Instructions to follow: The full listing should be reproduced exactly as it appears.

Data extracts section start

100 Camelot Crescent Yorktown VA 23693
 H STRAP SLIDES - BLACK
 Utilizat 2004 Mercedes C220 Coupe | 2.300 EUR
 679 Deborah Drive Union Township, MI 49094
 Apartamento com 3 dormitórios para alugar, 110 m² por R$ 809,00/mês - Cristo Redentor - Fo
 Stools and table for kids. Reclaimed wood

Data extracts section end

Your response:
100 Camelot Crescent Yorktown VA 23693
 H STRAP SLIDES - BLACK
 Utilizat 2004 Mercedes C220 Coupe | 2.300 EUR
 679 Deborah Drive Union Township, MI 49094
 Apartamento com 3 dormitórios para alugar, 110 m² por R$ 809,00/mês - Cristo Redentor - Fo
 Stools and table for kids. Reclaimed wood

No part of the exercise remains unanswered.